Die vorliegende Biografie ist mangels Material eine Geschichte Cubas mit einem linkslastigen, aber leider auch wenig kritischen Blick. Die Kampfgefährten, die sich im Lauf der Jahre abgewandt haben, werden nicht oder nur kursorisch erwähnt - ohne auf die Gründe irgendwie einzugehen. Es wird zwar von "hausgemachten Mängeln" des Systems gesprochen, aber sie werden nicht weiter thematisiert. Die Militarisierung des ökonomischen Systems durch die Streitkräfte wird positiv gesehen, ebenso die Beziehungen zur DDR. Emphatisch lässt Hermsdorf Raúl Castro von der Verwirklichung der Menschenrechte in Cuba schwadronieren, ohne darauf einzugehen, daß Systemkritiker in den Gefängnissen sitzen oder zumindest massiv unterdrückt werden. Die Haltung der Bundesrepublik Deutschland und der EU wird scharf verurteilt, ohne jedoch darauf einzugehen, daß gerade die etwas seltsame Vorstellung von dern Menschenrechten in Cuba die Ursache dafür ist. Und das Lob für den praktisch gescheiterten Staat Venezuela...

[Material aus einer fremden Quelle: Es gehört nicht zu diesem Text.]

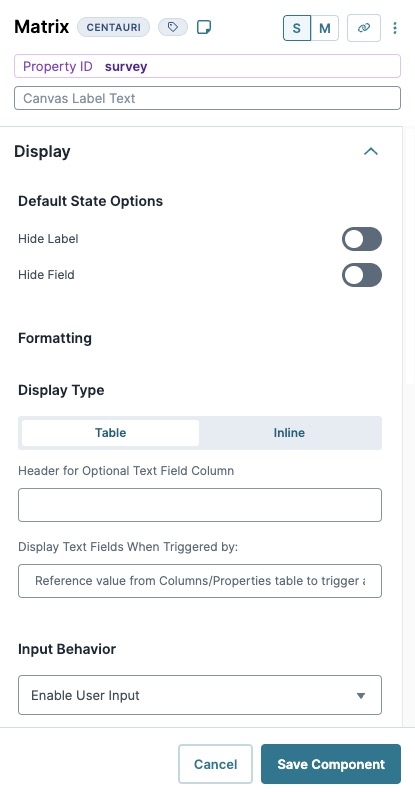 A static image displaying the Matrix component's display settings.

Fazit: Natürlich ist eine kapitalismuskritische und linksorientierte Biografie über einen deklarierten Marxisten-Leninisten interessant und zulässig. Manches lässt sich damit aus einem anderen Blickwinkel betrachten. Aber sie sollte nicht den Mangel konservativer Publikationen fortschreiben, indem sie sich im Besitz der Wahrheit wähnt. Das verärgert und mindert die Qualität der Darstellung der Geschichte Cubas.

Während Mafiabosse und reiche weiße US-Bürger in Havanna rund um die Uhr Partys feierten, lebte die Mehrheit des Volkes in Armut, Elend und Unwissenheit. Raul Castro lernte, dass die Gegensätze, die er als Kind im Osten des Landes und die, welche er jetzt in Havanna erlebte, die gleiche Ursache hatten. Und er sah sich in seiner Entscheidung bestätigt, sich auf die Seite derer zu stellen, die vom herrschenden System benachteiligt, ausgebeutet und unterdrückt wurden.